Directions for this task
I'd like an exact copy of every line from the start of the entries below through the line containing "Original Plein Air", please.

Records supplied
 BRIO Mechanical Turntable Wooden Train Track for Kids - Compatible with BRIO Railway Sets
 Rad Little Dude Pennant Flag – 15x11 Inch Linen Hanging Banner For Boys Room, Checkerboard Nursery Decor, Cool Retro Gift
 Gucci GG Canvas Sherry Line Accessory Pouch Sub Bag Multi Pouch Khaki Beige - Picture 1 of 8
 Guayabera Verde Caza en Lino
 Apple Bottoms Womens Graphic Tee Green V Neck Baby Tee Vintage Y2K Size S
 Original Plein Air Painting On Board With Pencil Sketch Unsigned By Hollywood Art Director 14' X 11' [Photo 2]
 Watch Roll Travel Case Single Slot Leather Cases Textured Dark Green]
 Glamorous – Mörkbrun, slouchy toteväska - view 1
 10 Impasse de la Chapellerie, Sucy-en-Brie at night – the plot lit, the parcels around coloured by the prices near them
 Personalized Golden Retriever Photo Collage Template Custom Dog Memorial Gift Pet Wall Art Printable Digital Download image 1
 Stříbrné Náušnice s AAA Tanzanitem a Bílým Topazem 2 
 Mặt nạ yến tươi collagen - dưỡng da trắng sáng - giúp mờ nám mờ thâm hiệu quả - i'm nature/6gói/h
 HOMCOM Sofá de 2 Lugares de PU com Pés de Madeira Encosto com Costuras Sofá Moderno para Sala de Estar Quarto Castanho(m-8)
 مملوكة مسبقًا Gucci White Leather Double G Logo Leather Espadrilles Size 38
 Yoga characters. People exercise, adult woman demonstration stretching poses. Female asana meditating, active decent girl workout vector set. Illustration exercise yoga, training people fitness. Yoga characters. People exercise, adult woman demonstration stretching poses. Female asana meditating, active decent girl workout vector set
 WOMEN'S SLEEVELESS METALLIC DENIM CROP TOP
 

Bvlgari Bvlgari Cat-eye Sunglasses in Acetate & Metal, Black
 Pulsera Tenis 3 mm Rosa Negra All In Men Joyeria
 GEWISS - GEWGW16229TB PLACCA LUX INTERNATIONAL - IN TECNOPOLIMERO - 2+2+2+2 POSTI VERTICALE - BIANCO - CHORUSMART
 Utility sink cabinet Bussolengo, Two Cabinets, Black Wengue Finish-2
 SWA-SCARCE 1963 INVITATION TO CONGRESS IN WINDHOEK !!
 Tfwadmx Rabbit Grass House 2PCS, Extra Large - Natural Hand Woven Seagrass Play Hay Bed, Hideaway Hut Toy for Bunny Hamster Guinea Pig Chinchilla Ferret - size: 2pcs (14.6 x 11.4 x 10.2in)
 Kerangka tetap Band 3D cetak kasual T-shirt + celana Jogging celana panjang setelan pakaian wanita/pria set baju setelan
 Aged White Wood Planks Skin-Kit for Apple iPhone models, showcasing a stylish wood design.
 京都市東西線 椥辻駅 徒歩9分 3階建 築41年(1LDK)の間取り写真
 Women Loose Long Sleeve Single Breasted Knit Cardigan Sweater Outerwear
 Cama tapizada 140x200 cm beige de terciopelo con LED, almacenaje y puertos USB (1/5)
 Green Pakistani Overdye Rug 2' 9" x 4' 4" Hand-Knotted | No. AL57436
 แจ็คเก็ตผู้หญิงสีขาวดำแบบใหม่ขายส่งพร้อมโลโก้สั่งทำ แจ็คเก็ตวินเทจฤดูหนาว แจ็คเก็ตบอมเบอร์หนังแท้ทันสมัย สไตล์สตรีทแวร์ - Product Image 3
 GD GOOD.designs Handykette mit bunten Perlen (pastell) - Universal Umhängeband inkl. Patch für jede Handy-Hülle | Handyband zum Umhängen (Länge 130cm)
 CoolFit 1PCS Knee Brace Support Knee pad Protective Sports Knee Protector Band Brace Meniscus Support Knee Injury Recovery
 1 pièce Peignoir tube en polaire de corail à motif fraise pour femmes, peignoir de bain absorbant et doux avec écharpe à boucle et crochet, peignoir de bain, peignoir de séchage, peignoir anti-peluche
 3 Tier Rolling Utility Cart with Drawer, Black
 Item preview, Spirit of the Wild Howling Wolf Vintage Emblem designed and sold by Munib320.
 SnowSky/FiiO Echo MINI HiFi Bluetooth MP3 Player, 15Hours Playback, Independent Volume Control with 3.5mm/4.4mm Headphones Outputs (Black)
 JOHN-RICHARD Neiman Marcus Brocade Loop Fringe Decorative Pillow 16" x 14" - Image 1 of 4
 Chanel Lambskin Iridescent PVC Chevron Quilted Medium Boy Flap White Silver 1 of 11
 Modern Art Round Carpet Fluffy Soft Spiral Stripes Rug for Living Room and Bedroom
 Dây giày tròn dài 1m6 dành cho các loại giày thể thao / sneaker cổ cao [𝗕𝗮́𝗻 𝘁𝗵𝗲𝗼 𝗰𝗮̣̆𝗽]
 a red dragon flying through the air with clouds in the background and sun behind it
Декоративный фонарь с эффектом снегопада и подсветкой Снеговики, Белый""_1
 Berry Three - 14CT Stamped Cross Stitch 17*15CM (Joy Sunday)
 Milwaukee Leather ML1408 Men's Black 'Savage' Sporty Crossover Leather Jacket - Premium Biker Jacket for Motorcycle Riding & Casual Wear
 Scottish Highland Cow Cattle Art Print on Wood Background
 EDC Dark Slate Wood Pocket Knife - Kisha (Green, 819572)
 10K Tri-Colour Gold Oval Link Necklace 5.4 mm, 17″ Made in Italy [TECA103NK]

Output for this exercise
 BRIO Mechanical Turntable Wooden Train Track for Kids - Compatible with BRIO Railway Sets
 Rad Little Dude Pennant Flag – 15x11 Inch Linen Hanging Banner For Boys Room, Checkerboard Nursery Decor, Cool Retro Gift
 Gucci GG Canvas Sherry Line Accessory Pouch Sub Bag Multi Pouch Khaki Beige - Picture 1 of 8
 Guayabera Verde Caza en Lino
 Apple Bottoms Womens Graphic Tee Green V Neck Baby Tee Vintage Y2K Size S
 Original Plein Air Painting On Board With Pencil Sketch Unsigned By Hollywood Art Director 14' X 11' [Photo 2]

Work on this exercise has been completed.